◆ PROBLEM DETAILS ◆
What are the lines, copied exactly, from the one containing "Nyano Sherpa Pullover" through the final line of the material? Leave the pictures out.

◆ DATASET SECTION ◆
>>>

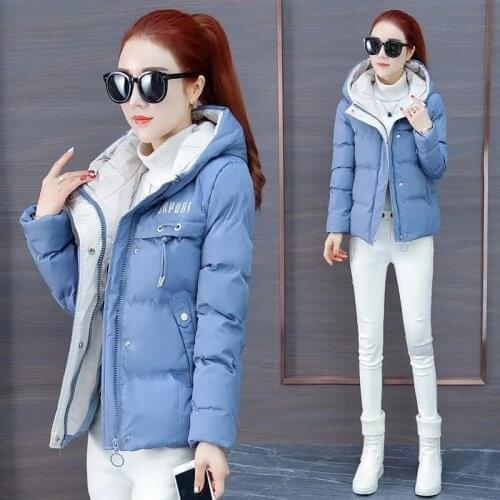 Thicken Down Cotton Jacket Women 2021 Winter Fashion Warm Hooded Parka Short Casual Female Plus Size Cotton-Padded Clothes Coat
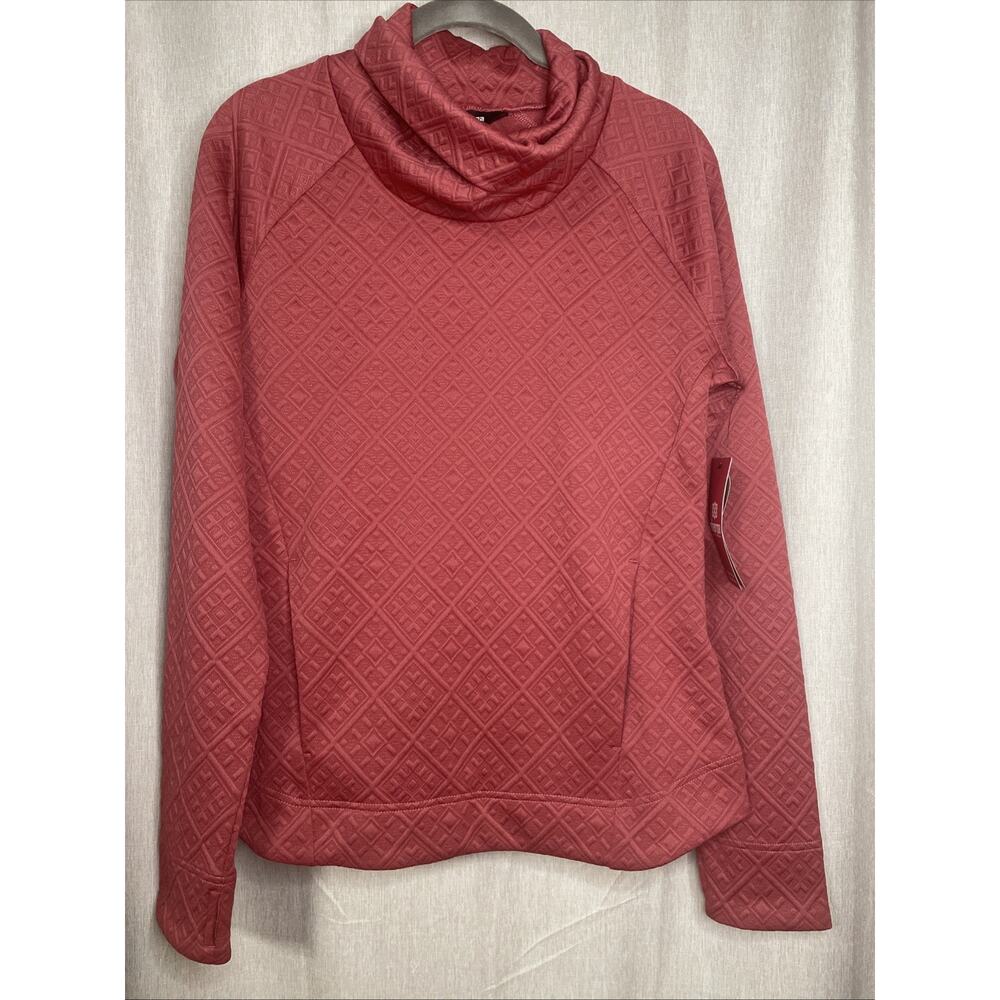 Nyano Sherpa Pullover - Turtleneck Long SLV/Front Pouch/Textured Red - Size S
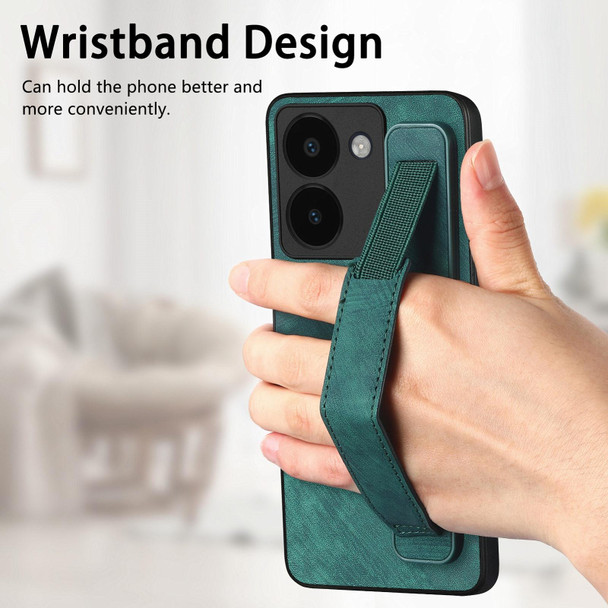 For vivo iQOO Z8X Retro Wristband Holder Leather Back Phone Case(Green)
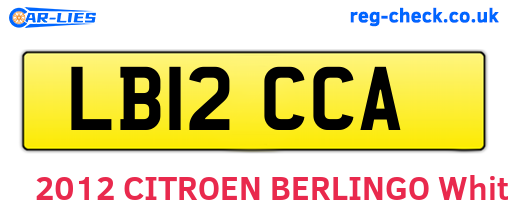LB12CCA are the vehicle registration plates.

<<<

◆ RESULT OF THE EXERCISE ◆
 Nyano Sherpa Pullover - Turtleneck Long SLV/Front Pouch/Textured Red - Size S
 For vivo iQOO Z8X Retro Wristband Holder Leather Back Phone Case(Green)
LB12CCA are the vehicle registration plates.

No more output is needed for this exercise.